* **WHAT THE TASK REQUIRES**: Nothing in the records may be dropped. Retype them all exactly.

[[ PROVIDED RECORDS open ]]

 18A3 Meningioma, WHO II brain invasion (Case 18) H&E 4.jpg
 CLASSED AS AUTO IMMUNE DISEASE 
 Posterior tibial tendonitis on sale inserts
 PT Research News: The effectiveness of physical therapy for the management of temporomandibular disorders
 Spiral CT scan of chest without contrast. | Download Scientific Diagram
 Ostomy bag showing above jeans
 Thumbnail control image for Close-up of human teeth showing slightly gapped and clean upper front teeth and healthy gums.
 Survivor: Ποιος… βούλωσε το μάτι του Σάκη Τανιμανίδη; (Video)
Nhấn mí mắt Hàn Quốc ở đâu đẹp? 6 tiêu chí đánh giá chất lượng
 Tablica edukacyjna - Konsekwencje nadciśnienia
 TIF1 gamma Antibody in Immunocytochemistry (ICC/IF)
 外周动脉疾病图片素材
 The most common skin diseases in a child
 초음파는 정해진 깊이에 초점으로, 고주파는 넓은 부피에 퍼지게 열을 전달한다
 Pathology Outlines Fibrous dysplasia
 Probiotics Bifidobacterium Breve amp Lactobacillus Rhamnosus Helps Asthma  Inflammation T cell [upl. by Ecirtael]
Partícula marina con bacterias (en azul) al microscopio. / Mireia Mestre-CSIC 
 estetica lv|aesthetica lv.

[[ PROVIDED RECORDS closed ]]

* **RESPONSE FOR THIS EXERCISE**:
 18A3 Meningioma, WHO II brain invasion (Case 18) H&E 4.jpg
 CLASSED AS AUTO IMMUNE DISEASE 
 Posterior tibial tendonitis on sale inserts
 PT Research News: The effectiveness of physical therapy for the management of temporomandibular disorders
 Spiral CT scan of chest without contrast. | Download Scientific Diagram
 Ostomy bag showing above jeans
 Thumbnail control image for Close-up of human teeth showing slightly gapped and clean upper front teeth and healthy gums.
 Survivor: Ποιος… βούλωσε το μάτι του Σάκη Τανιμανίδη; (Video)
Nhấn mí mắt Hàn Quốc ở đâu đẹp? 6 tiêu chí đánh giá chất lượng
 Tablica edukacyjna - Konsekwencje nadciśnienia
 TIF1 gamma Antibody in Immunocytochemistry (ICC/IF)
 外周动脉疾病图片素材
 The most common skin diseases in a child
 초음파는 정해진 깊이에 초점으로, 고주파는 넓은 부피에 퍼지게 열을 전달한다
 Pathology Outlines Fibrous dysplasia
 Probiotics Bifidobacterium Breve amp Lactobacillus Rhamnosus Helps Asthma  Inflammation T cell [upl. by Ecirtael]
Partícula marina con bacterias (en azul) al microscopio. / Mireia Mestre-CSIC 
 estetica lv|aesthetica lv.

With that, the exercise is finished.